Overslaan en naar de inhoud gaan

Subsidie toegekend

Communicatie

Logo

Vermeld bij alle publieke communicatie in het kader van de cultureelerfgoedwerking de steun van de Vlaamse Gemeenschap door de standaardlogo's en de bijbehorende tekst en baselines te gebruiken die zijn vastgelegd door de Vlaamse Regering.

Informatie delen

Licht het Departement Cultuur, Jeugd en Media zo vroeg mogelijk in bij ontwikkelingen.

Openbaarmaking

Maak de resultaten van je gesubsidieerde activiteiten bekend via je website.

Financiën

Uitbetaling

De werkingssubsidie wordt in drie delen uitbetaald:

  1. een eerste voorschot van 45% vanaf 1 februari;
  2. een tweede voorschot van 45% vanaf 1 juli;
  3. het saldo van 10% na de uitvoering van het jaarlijkse toezicht in het volgende jaar.
Reserve

Tijdens de beleidsperiode kan een gesubsidieerde organisatie een reserve aanleggen ten laste van de subsidie.

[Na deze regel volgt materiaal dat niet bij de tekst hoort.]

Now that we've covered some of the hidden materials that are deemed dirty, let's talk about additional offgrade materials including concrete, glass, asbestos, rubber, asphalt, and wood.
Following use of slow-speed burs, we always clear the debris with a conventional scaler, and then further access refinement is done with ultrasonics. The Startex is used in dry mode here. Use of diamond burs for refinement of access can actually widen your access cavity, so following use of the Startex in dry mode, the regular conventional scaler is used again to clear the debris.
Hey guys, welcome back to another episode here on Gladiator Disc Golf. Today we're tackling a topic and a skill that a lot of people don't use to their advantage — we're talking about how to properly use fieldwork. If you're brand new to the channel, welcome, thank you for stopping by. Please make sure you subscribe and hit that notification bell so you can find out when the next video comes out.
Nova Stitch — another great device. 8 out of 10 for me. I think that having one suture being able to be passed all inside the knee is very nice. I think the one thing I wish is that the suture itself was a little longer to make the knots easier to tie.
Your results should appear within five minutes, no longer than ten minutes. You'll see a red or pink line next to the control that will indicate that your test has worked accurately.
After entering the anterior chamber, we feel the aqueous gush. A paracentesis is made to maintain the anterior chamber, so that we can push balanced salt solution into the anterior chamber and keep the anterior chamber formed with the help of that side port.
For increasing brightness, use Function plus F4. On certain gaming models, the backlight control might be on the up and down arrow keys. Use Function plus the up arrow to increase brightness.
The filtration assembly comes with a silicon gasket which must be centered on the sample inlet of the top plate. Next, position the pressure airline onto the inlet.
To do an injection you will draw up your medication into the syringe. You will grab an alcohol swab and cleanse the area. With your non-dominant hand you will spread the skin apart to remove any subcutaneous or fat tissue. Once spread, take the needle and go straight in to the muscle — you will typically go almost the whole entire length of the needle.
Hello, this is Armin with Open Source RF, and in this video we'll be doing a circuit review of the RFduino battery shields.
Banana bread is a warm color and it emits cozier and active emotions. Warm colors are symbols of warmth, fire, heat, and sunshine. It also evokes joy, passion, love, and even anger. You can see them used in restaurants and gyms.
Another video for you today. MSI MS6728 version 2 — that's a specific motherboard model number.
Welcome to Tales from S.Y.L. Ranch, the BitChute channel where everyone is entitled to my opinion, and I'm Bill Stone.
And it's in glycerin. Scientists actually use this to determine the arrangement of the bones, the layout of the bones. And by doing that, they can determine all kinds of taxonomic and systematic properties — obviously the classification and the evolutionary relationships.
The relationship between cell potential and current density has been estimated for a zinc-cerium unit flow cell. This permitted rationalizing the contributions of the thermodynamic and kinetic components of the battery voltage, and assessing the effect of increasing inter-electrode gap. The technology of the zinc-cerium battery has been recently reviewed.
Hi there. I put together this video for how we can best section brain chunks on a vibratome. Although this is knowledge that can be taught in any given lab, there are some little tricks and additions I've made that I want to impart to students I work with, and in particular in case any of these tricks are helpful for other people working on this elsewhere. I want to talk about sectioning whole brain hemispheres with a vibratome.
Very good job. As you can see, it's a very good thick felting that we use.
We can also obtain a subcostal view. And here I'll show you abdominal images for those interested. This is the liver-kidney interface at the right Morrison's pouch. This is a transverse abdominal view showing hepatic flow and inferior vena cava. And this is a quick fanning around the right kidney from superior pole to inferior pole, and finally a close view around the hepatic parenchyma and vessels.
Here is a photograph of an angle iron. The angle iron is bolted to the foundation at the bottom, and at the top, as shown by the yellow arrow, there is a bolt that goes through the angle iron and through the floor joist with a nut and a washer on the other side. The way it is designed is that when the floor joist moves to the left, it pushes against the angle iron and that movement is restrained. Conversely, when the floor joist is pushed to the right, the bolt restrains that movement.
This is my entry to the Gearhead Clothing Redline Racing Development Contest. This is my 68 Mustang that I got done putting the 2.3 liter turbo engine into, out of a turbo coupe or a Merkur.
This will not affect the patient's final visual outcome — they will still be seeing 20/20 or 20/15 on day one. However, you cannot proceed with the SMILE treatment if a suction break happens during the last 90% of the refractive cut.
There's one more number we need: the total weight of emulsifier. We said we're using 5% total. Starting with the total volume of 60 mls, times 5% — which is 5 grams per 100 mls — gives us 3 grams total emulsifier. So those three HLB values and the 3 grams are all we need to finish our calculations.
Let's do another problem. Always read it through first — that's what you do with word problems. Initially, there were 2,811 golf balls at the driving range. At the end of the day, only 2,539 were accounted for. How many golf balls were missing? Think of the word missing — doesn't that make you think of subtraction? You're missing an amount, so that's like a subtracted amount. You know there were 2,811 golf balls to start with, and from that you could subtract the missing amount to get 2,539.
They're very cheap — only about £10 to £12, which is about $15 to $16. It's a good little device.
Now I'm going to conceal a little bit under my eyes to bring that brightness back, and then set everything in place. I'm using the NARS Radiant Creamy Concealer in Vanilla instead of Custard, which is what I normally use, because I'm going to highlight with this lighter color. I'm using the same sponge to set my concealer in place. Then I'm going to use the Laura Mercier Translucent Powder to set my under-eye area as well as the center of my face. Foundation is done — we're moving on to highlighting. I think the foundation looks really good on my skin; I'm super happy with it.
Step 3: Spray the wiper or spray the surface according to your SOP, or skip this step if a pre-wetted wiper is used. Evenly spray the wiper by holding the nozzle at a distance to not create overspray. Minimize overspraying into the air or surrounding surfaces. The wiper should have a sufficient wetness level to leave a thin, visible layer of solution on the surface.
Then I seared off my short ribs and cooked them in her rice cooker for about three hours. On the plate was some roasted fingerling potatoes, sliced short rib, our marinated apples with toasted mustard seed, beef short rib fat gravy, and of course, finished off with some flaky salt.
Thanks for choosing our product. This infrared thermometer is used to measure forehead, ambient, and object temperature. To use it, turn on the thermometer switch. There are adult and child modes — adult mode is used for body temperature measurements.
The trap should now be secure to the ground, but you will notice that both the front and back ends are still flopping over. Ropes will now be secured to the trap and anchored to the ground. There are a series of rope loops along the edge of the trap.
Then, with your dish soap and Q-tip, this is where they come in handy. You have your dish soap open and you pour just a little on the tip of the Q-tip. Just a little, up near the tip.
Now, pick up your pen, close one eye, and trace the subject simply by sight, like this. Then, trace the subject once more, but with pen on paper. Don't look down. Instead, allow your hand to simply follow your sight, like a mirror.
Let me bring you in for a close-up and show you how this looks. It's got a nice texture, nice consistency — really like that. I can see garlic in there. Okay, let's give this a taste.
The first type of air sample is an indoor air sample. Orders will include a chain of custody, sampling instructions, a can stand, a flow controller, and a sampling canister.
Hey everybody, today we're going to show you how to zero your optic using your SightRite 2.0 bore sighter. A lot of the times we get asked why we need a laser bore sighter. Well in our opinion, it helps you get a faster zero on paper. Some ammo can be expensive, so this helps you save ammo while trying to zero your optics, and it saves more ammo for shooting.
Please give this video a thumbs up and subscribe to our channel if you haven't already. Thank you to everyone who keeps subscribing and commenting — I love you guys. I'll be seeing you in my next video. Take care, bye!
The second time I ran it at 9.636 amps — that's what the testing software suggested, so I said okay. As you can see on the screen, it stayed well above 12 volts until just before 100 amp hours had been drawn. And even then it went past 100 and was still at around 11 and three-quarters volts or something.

Volgende regels gelden voor reservevorming:

  1. Maximaal 20% van het op jaarbasis toegewezen subsidiebedrag mag worden aangewend voor de aanleg van reserves.

    De totale gecumuleerde reserves kunnen maximaal 50% van het subsidiebedrag van de laatst gesubsidieerde werkingsperiode bedragen.
  2. Reserves die ten laste van een subsidie aangelegd zijn, mogen alleen worden aangewend voor de doelstelling waarvoor de initiële subsidie is toegekend.
  3. Reserves die ten laste van een subsidie zijn aangelegd, worden teruggevorderd op het einde of bij de vervroegde stopzetting van de gesubsidieerde activiteit.
  4. Een sociaal passief aanleggen ten laste van een subsidie mag alleen als er daarvoor in een rechtsgrond is voorzien in een decreet of reglementaire bepaling.

Toezicht

Jaarlijkse verantwoording

Bezorg ons jaarlijks uiterlijk op 1 april een verantwoording over het voorafgaande jaar. Je dient de documenten in via KIOSK.

 

De jaarlijkse verantwoording bestaat uit drie onderdelen:

1. een functionele verantwoording waarin gerapporteerd wordt over de doelstellingen waarvoor de werkingssubsidie is toegekend.

 

2. een financiële verantwoording die bestaat uit:

  • de jaarrekening, die bestaat uit de balans, de resultatenrekening en de toelichting, van de rechtspersoon. De jaarrekening wordt opgesteld conform de standaardmodellen die de Nationale Bank van België ter beschikking stelt;
  • het verslag van een erkende accountant of bedrijfsrevisor die niet betrokken is bij de dagelijkse werking van de organisatie, met commentaar bij de waarheidsgetrouwe weergave van de balans en de resultatenrekening;
  • een overzicht van de individuele bezoldigingen, waarin de totale loonkost per werknemer vermeld wordt.

OF

als de werkingssubsidie is toegekend aan een bestuur of aan een cultureelerfgoedorganisatie die een onderdeel is van een bestuur, kan de financiële verantwoording bestaan uit:

  • een overzicht van de kosten en de opbrengsten;
  • het verslag van de persoon die door het bestuur belast is met het financieel toezicht, met commentaar bij de waarheidsgetrouwe weergave van het overzicht van de kosten en de opbrengsten;
  • een overzicht van de individuele bezoldigingen, waarin de totale loonkost per werknemer vermeld wordt.

     

3. een lijst met beleidsrelevante gegevens, zoals voorzien in het model van het jaarverslag.

 

Gebruik de modellen voor de formulieren die je als bijlage moet opladen in KIOSK.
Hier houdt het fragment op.